Analicia Haynes, Managing Editor

 

Workgroup No. 7, focusing on academic programs, questioned how to format its final draft of recommendations and whether or not it should prioritize its recommendations at its meeting Tuesday.

Workgroup Chair Cindy Rich said she sent an email to general counsel Rob Miller and vitalization Task Force Chair Ryan Hendrickson asking the workgroup have in writing the changes Eastern President David Glassman made last Wednesday at an All Task Force meeting so the workgroup has the exact wording the president wants them to use.

Rich also requested the final recommendation format be sent to them in writing.

“The list is not by college like we did last time,” Rich said.

Instead, the final report it sends would just be the list of four categories it placed the recommendations into and the majority and minority recommendations.

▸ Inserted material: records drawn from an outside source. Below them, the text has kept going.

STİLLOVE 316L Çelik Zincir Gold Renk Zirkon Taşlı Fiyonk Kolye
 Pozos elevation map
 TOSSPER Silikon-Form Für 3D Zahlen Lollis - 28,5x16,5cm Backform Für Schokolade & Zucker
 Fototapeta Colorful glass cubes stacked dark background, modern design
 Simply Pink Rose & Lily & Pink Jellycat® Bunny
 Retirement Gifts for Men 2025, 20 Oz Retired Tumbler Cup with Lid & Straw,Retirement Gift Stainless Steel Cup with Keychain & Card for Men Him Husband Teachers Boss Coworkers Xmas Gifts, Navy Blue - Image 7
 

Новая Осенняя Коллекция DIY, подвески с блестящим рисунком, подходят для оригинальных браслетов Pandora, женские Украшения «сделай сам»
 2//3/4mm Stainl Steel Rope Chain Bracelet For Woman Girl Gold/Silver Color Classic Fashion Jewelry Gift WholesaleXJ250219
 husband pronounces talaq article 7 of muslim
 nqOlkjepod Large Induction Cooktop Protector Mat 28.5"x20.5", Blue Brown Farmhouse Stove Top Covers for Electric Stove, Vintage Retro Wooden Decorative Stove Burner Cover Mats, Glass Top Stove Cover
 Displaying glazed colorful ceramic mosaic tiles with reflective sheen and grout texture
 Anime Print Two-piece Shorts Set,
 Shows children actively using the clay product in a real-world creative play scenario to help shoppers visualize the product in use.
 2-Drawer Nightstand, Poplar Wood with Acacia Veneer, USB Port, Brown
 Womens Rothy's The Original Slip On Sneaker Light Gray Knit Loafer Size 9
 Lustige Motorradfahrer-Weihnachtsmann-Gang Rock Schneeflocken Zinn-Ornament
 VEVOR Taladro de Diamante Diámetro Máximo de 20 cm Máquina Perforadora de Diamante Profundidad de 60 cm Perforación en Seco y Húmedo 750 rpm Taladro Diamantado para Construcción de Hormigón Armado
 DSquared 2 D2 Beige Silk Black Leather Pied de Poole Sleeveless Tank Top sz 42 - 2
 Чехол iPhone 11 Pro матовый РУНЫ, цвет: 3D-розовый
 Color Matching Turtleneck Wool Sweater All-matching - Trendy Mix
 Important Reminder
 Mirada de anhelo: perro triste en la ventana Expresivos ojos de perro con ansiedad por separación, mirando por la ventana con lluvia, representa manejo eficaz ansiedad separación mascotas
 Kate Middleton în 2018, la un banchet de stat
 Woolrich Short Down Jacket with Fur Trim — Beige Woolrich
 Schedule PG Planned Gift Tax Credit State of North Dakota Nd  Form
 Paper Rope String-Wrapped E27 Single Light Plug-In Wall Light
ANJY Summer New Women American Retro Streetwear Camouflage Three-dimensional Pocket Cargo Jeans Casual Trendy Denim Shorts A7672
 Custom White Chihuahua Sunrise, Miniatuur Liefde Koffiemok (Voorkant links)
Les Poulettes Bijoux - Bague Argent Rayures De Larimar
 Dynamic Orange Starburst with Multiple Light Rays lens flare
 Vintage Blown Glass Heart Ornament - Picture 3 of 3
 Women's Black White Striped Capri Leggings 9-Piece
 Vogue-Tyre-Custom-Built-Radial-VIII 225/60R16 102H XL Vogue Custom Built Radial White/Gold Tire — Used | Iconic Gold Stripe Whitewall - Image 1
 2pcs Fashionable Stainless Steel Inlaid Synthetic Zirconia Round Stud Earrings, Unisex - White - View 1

“My guess is that they are working on a template (for the final recommendations) as we speak,” Rich said.

Originally, the workgroup was charged with formatting its recommendations based on four different categories: recommendations for programs to continue with increased resources, recommendations for further efficiencies or changes to enhance marketability and/or increase student enrollment, recommendations for programs or services to develop a plan to improve viability or efficiency, and recommendations for program deletion or outsourcing.

However, at the All Task Force meeting last Wednesday, Glassman changed the language of the recommendation categories for the workgroup and what it needed to base them on.

Scott Stevens, a business professor, said Glassman changed them so the workgroups could recommend for a program or service to continue with increased resources, say which programs are stable and do not need any recommended action, recommend programs or services develop a plan to enhance operational efficiency, or make recommendations for a program or service to be deleted or outsourced.

Rich said the fourth category of recommendations was altered by the workgroup to say “recommendation for program service or outsourcing and consolidation.”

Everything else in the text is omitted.